▸ **Task instructions**
Copying rule for the data below: pictures stay out, and only the lines from the one with "Photomicrogragh of the" down to the one with "人T淋巴細(xì)胞白血病細(xì)胞HuT 78(STR鑒定正確)", inclusive, are repeated exactly.

▸ **Data extract**

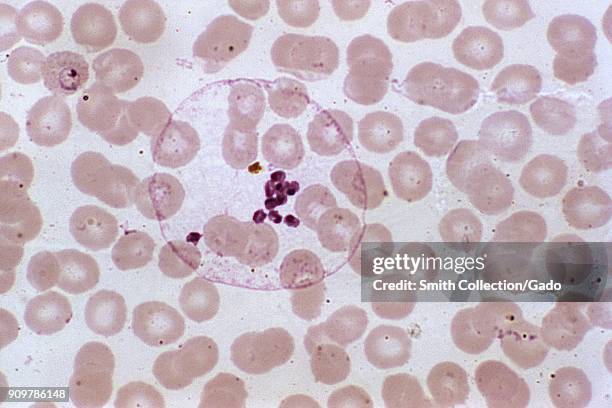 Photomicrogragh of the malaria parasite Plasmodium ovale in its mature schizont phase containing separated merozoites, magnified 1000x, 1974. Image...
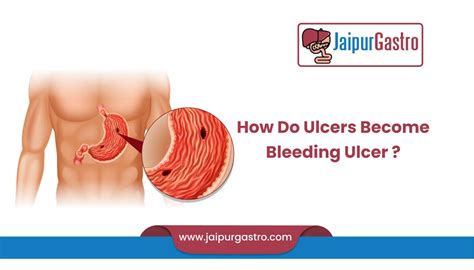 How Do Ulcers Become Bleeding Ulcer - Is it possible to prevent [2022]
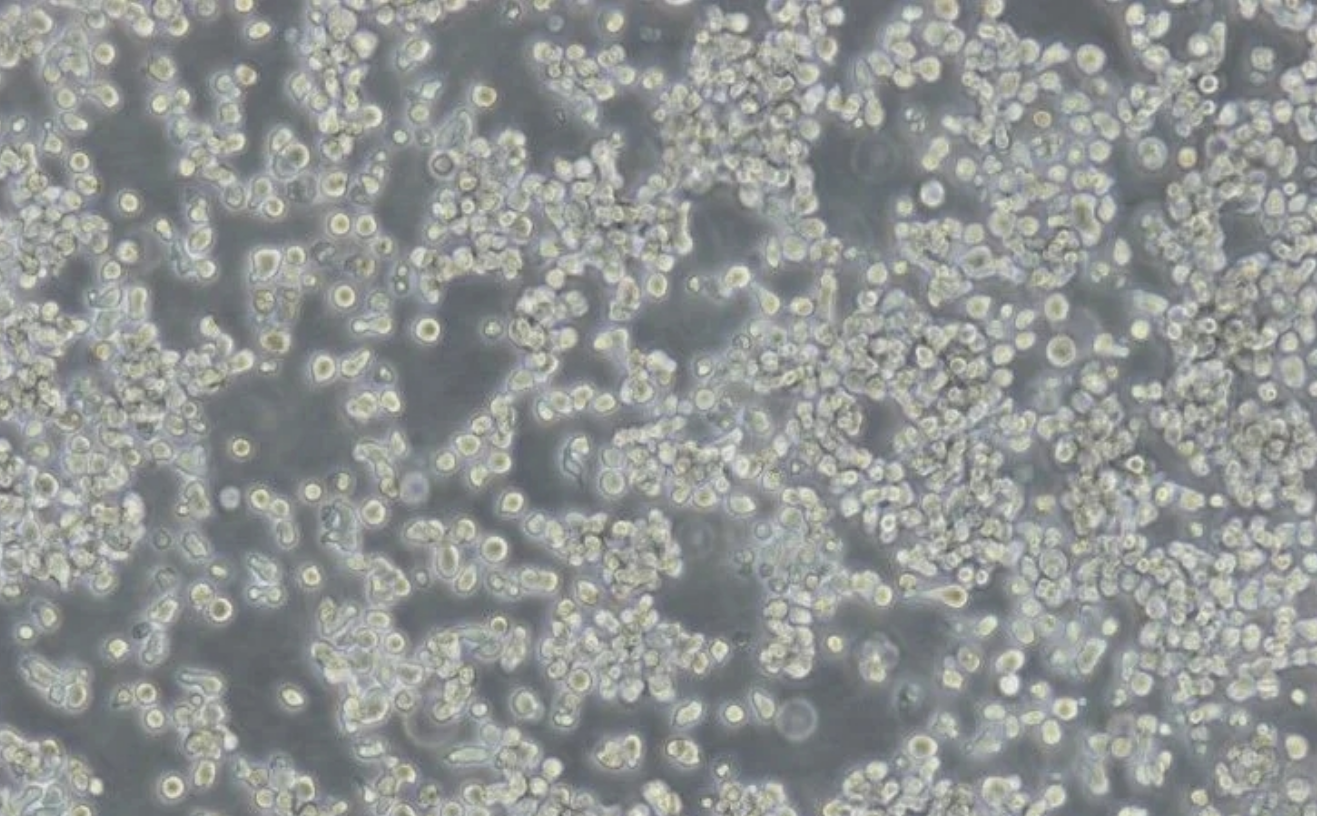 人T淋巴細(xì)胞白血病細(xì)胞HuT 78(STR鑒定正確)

==

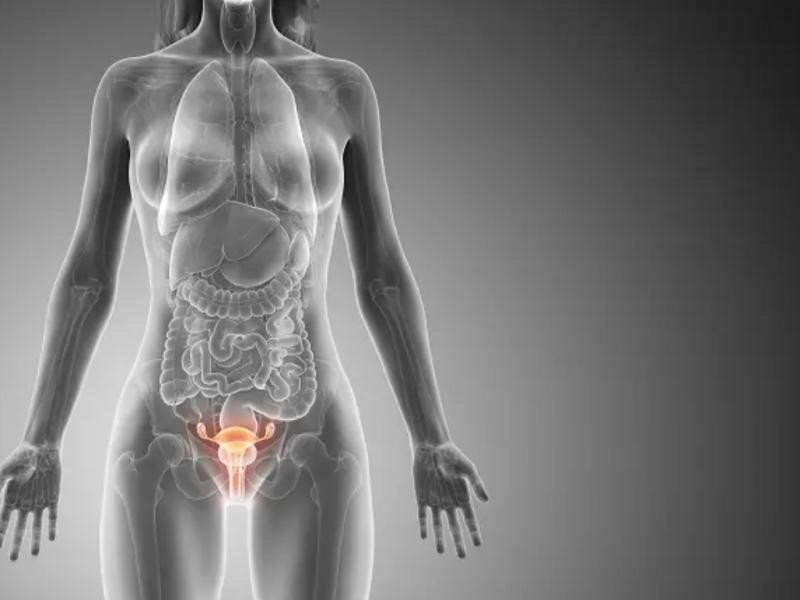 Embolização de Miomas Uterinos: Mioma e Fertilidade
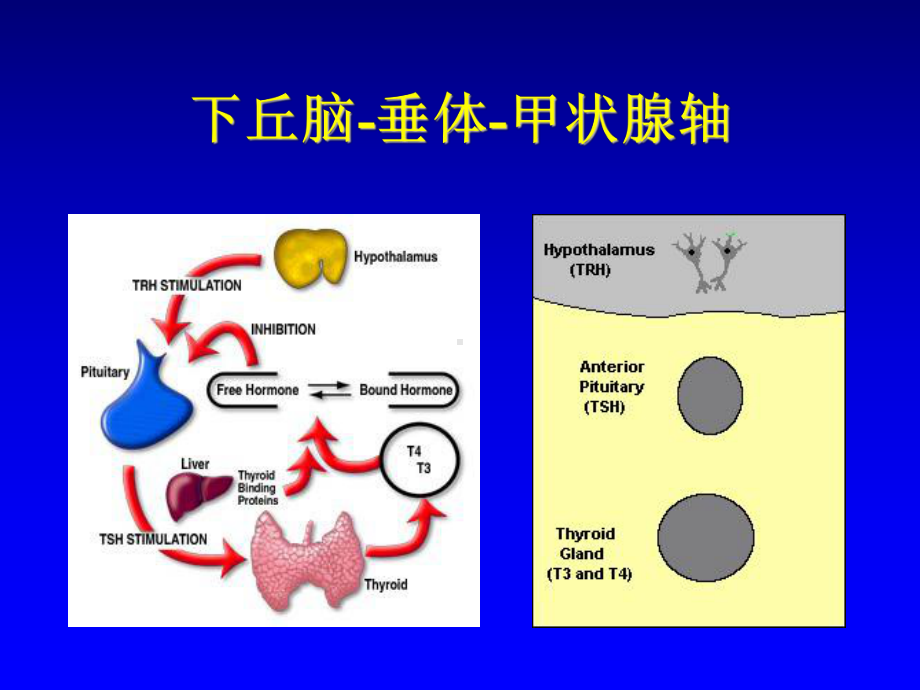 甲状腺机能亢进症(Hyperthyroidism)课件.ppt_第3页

* * *

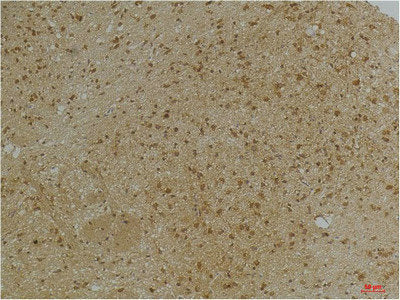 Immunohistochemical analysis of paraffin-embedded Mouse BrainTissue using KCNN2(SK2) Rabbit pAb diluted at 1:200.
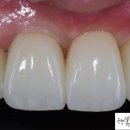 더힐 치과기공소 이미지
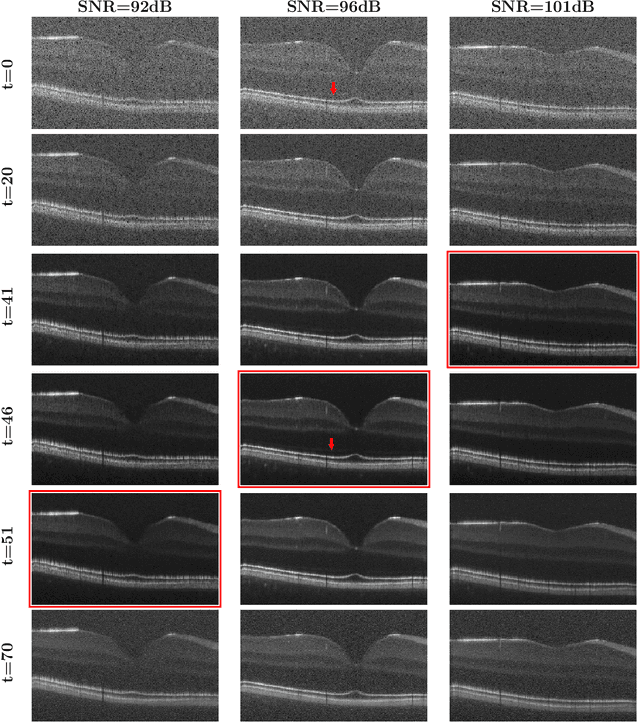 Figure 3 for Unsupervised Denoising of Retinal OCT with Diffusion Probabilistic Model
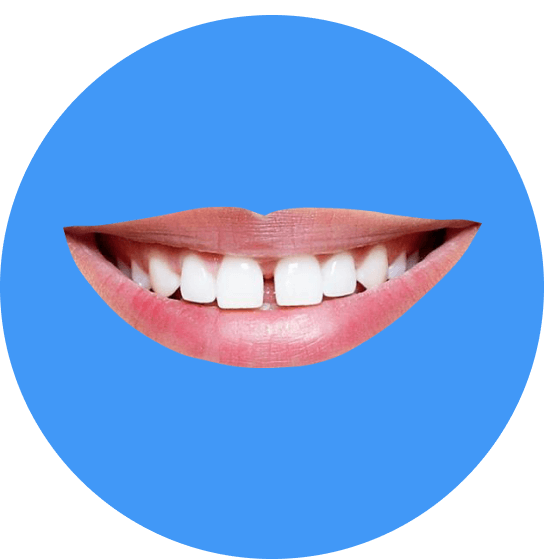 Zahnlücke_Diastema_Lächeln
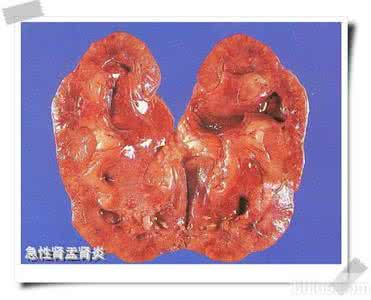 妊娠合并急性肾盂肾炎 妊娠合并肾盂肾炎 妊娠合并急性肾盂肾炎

▸ **Task result**
 Photomicrogragh of the malaria parasite Plasmodium ovale in its mature schizont phase containing separated merozoites, magnified 1000x, 1974. Image...
 How Do Ulcers Become Bleeding Ulcer - Is it possible to prevent [2022]
 人T淋巴細(xì)胞白血病細(xì)胞HuT 78(STR鑒定正確)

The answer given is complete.